А ещё на ней была корона. Крошечное, странное, кособокое подобие короны (такую вы надели бы на игральную карту, оживи она вдруг). Королева махала веером в форме сердца в сторону зрителя, как бы говоря: «Да, это в самом деле я, не отводи взгляда, несносная девчонка». Её ладони и стопы были просто малюсенькими. Слишком миниатюрными для такого бочкообразного туловища.

У Алисы на несколько мгновений перехватило дыхание.

Страна чудес!

Та самая, из её сна.

Но...

Взаправду ли это?..

Интересно, так себя чувствуют девушки, когда заявляют, что сейчас упадут в обморок? Крошечную террасу не помешало бы проветрить. Однако вместо удушья Алиса ощущала щедрое и жизнерадостное тепло солнца на коже, которая с наслаждением впитывала его силу.

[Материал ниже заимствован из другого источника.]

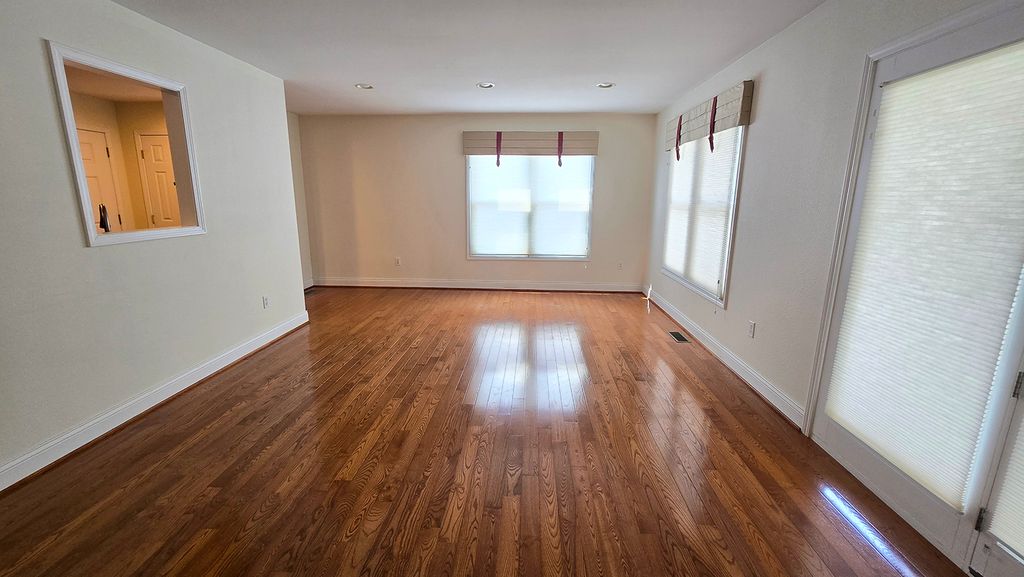 Image 22 of property listing at 2530 S Pine Street, Centralia, IL 62801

И всё же и оно, и всё прочее – небо, ясная погода и сам чудесный день – казались теперь тусклыми и призрачными в сравнении со странным чёрно-серым изображением на пластинке.

Алиса краешком глаза взглянула на него снова. Она боялась, что оно исчезнет. Боялась, что это минутное помутнение разума навсегда сменилось образом до печального прозаичной особы. Такие миссис Погосьданхау были повседневной реальностью, с которой приходилось считаться.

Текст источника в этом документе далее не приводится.